Cardinal Tarcisio Bertone, who reports to the Vatican's Holy See, was to arrive in Cuba late Wednesday, a day after Fidel Castro resigned from his 49-year rule, citing health problems.
The timing is coincidence and the visit purely pastoral, said Cuba's Roman Catholic Cardinal Jaime Ortega, who along with the Cuban government invited Bertone for the six-day trip.
"The imprint that Pope John Paul II left on Cuba is very deep," Ortega after a Sunday Mass. "From that moment, things were different in the relationship between the church and society and with the state. Bertone's visit follows up on that."
Relations were mixed between the Vatican and Castro's communist government, which never outlawed religion but expelled priests and closed religious schools upon his takeover of Cuba in 1959.
Church-state relations eased in the early 1990s when the government removed references to atheism in the constitution and let believers of all faiths join the Communist Party. Relations warmed more with John Paul's 1998 visit _ the first to Cuba by a pope.

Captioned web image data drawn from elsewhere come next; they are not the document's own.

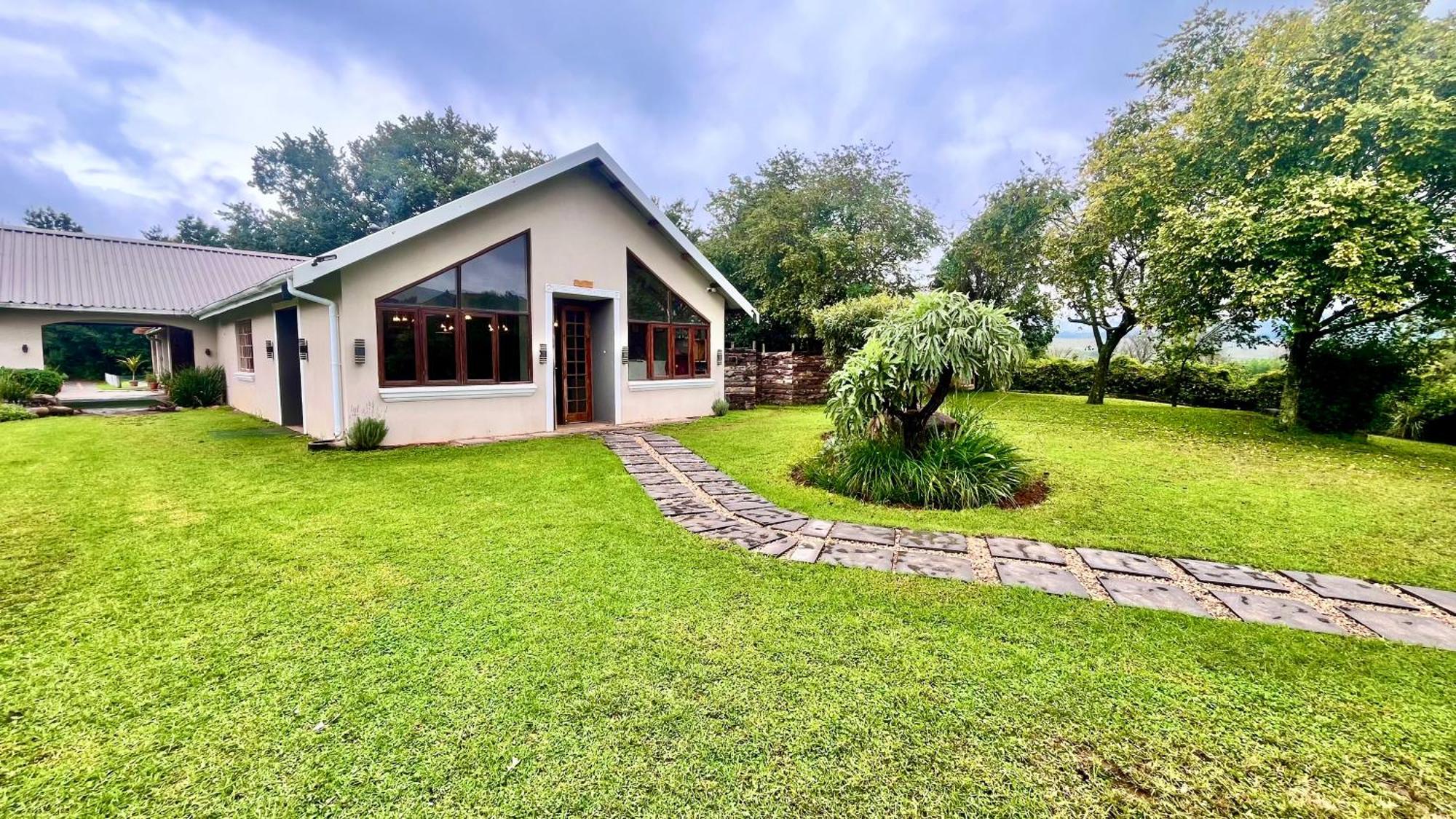 Drakensberg Inkosana Lodge Champagne Valley エクステリア 写真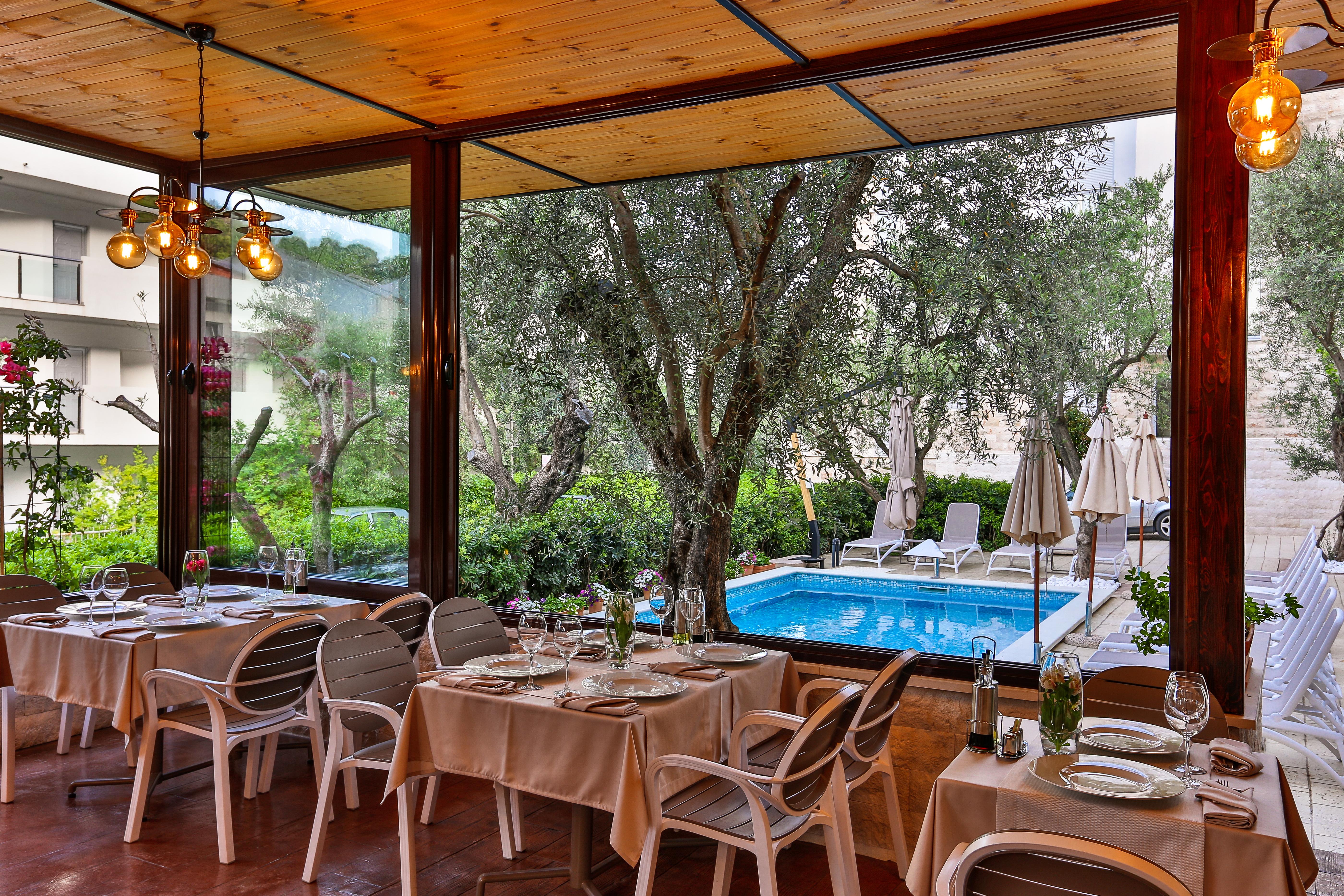 Hotel Harmony Petrovac Buitenkant foto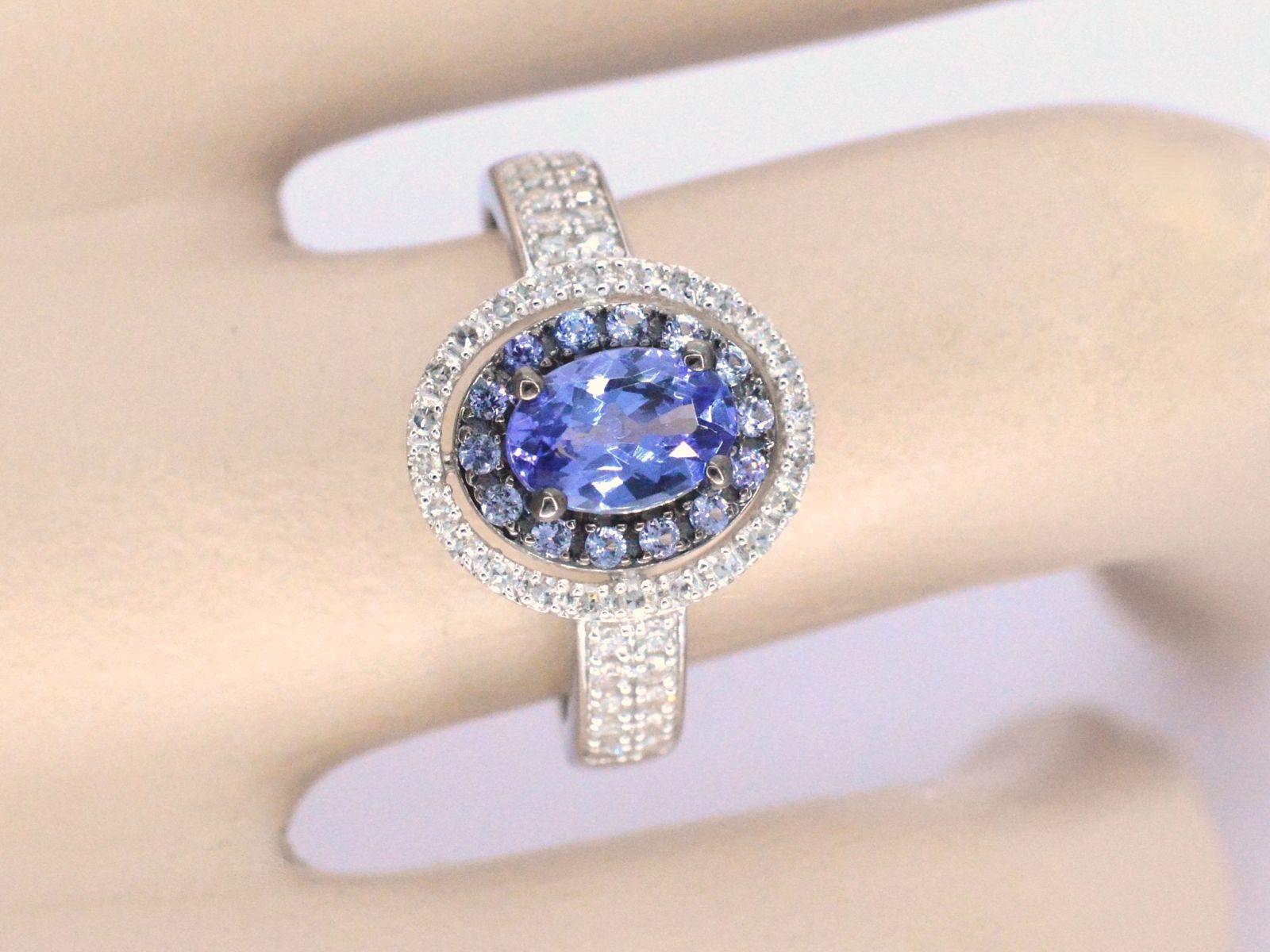 Contemporary White Gold Ring with Diamonds and Tanzanite For Sale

Raul Castro, who is likely to be named president by parliament Sunday, greeted John Paul during his visit to Santiago, where he celebrated Mass and paid homage to the Virgin of Charity of Cobre, Cuba's patron saint.
On the eve of his travel, Bertone raised the possibility in a newspaper interview of a future trip by Pope Benedict XVI.

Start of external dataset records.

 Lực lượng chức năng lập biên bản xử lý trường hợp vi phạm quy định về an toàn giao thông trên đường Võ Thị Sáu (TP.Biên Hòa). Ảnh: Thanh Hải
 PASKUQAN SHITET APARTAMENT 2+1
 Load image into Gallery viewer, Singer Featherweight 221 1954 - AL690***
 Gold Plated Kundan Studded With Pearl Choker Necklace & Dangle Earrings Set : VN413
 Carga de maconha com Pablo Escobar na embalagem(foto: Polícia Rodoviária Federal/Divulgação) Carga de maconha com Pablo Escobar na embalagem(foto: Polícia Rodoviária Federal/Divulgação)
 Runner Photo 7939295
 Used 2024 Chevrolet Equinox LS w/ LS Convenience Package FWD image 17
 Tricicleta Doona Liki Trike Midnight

"Up until now it hasn't been possible. In the future we will see," he said without elaborating.
Bertone's six-day trip marks the highest-level visit to Cuba by a Vatican official under Pope Benedict XVI's tenure. It coincides with Sunday's meeting of Cuba's newly elected parliament to choose new leaders, already scheduled before the 81-year-old Castro stepped aside permanently.
After visits to central and eastern Cuban, Bertone will meet Monday and Tuesday with top officials, including Raul Castro, who ruled provisionally for 19 months during his brother Fidel's illness.
Bertone also is set to celebrate a Mass Sunday morning in Guantanamo to mark John Paul's creation of a diocese 10 years ago in the southeastern province surrounding the U.S. naval base there.
There was no mention of a meeting with Fidel, who welcomed John Paul to Cuba and attended a massive papal Mass in Havana's Revolution Plaza.
Despite huge expectations, very little changed after the trip, during which John Paul urged the island to "open to the world" and "the world to open to Cuba." The Polish-born pope was associated with the fall of communism in his homeland.